Let me get my thoughts on Euclid off my chest first. Euclid of Alexandria drew his concepts of mathematical points and lines in a plane from outside mathematics, namely from mechanics, specifically from two simple idealized mechanical tools—the floppy compass and the unmarked straightedge. Floppy and unmarked meant that Euclid’s derivation of geometry was coordinate-free, that is, not based on numeric transforms preserving shape and/or area. Likewise, Alan Turing drew his concept of arithmetic computability from outside number theory and formal logic, namely from local manipulation of strictly adjacent symbols using pencil and eraser on an idealized endless tape. It’s amazing to me that Euclid and Turning revolutionized mathematical explanations and insights along the same lines—by moving away from the big picture and concentrating on localized procedures. For both men, the pen was not mightier than the sword. Rather, the eraser was mightier than the pencil! Talk about less is more!

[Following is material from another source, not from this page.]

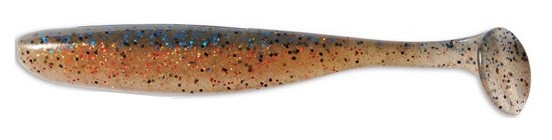 7kom - Gumeni Mamac Keitech Easy Shiner 3,5" 8,9cm 3,9gr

I love it when a curricular purpose comes together.
You can see my Day-One 9th Grade lesson introducing the MessageBox at PraxisMachineCodingLessons.com, under Lessons for Students. Now I want to take a first cut at the whole picture.
All my courses from the very first intend that students can operate with mathematical tools consciously, not just correctly. Self-awareness concerning mathematical activity, symbols and tools is the core of my curriculum. Euclid and Turing were both aiming at mathematical self-awareness, and my students must develop an instinctive sense of “Simon-Says-May-I” where mathematical gestures are concerned. To be frank, this self-analytic mindset does not sound like a middle-school mindset to me. Therefore I don’t want my curriculum pushed down below 9th grade—not even for the hopelessly precocious.
I admit that self-analytic mathematics doesn’t exactly sound like typical 9th thinking either, but at least high schoolers are more in the ballpark. At least they modulate a hundred times a day between painful self-awareness and total cluelessness. And their math thinking is no exception.
For me, self-analytic mathematics ‘merely’ requires Piaget’s highest level of mental processing, namely, formal operational thinking. Piaget observed that formal operational thinking comes online in adolescence and continues throughout adulthood, but ‘continues’ is too strong a word. In reality, all of us grownups engage in formal operational thinking only sporadically—typically when all else fails, and often not even then. Instead, most of us grownups happily accept semi-permanent self-contradictory premises in our thinking, especially in areas we care about strongly.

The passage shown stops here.